> [What this task involves]
Every line in the data below from the one containing "crude-oil.jpg" down to the one containing "1544160 Einhell TC-IW 110 (5).jpg", both included, must be retyped exactly; no other line is to appear.

> [Given entries]
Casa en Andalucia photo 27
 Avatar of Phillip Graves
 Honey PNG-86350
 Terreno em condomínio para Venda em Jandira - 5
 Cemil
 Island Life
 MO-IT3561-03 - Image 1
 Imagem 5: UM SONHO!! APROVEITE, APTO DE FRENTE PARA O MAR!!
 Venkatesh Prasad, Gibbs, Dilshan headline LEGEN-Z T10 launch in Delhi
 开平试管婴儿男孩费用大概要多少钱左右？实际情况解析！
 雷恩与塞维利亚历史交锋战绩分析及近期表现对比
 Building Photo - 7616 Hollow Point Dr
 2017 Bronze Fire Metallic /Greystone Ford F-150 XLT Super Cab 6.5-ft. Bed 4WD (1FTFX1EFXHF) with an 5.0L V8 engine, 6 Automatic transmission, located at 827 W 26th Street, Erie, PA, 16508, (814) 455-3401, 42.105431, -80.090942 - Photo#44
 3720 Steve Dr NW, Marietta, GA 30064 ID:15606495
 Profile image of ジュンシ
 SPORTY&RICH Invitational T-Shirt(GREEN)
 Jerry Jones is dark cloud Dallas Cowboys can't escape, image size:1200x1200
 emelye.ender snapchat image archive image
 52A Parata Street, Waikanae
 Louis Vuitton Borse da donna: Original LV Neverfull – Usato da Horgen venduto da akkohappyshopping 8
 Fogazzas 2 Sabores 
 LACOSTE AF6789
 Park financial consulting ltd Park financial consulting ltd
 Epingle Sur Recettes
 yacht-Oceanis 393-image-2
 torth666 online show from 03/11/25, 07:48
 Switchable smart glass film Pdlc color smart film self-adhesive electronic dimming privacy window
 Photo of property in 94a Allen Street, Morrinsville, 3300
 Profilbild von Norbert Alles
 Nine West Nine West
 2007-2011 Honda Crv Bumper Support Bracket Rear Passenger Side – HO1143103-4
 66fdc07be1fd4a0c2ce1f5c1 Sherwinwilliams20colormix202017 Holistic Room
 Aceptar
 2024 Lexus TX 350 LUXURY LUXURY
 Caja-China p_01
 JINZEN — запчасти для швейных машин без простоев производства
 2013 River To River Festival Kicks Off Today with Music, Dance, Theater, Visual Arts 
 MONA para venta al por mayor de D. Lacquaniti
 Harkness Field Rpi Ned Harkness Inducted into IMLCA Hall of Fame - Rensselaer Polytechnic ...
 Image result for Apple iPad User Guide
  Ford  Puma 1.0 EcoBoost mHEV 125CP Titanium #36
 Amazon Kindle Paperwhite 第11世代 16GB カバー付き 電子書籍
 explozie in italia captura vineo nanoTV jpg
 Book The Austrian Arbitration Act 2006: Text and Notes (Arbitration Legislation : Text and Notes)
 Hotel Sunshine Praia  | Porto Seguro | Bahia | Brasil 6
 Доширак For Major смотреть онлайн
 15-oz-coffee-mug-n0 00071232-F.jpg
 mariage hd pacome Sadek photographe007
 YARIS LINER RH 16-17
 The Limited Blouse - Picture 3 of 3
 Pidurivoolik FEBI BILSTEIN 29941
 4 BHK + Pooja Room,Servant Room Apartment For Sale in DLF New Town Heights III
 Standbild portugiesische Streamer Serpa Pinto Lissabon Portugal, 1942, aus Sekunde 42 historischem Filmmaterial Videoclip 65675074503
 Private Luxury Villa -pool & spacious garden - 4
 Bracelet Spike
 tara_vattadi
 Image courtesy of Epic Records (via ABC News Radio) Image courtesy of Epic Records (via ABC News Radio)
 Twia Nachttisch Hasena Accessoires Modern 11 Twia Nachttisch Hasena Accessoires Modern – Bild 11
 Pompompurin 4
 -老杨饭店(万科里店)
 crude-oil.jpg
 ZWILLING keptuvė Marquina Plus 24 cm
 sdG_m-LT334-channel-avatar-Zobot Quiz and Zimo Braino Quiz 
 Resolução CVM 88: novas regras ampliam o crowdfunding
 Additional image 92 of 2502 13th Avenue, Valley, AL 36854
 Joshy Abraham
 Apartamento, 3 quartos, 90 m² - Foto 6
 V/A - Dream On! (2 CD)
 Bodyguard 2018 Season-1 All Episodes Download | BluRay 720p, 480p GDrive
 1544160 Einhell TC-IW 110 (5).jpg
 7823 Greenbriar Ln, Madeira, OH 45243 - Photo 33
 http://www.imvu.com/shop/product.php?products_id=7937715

> [Solved exercise]
 crude-oil.jpg
 ZWILLING keptuvė Marquina Plus 24 cm
 sdG_m-LT334-channel-avatar-Zobot Quiz and Zimo Braino Quiz 
 Resolução CVM 88: novas regras ampliam o crowdfunding
 Additional image 92 of 2502 13th Avenue, Valley, AL 36854
 Joshy Abraham
 Apartamento, 3 quartos, 90 m² - Foto 6
 V/A - Dream On! (2 CD)
 Bodyguard 2018 Season-1 All Episodes Download | BluRay 720p, 480p GDrive
 1544160 Einhell TC-IW 110 (5).jpg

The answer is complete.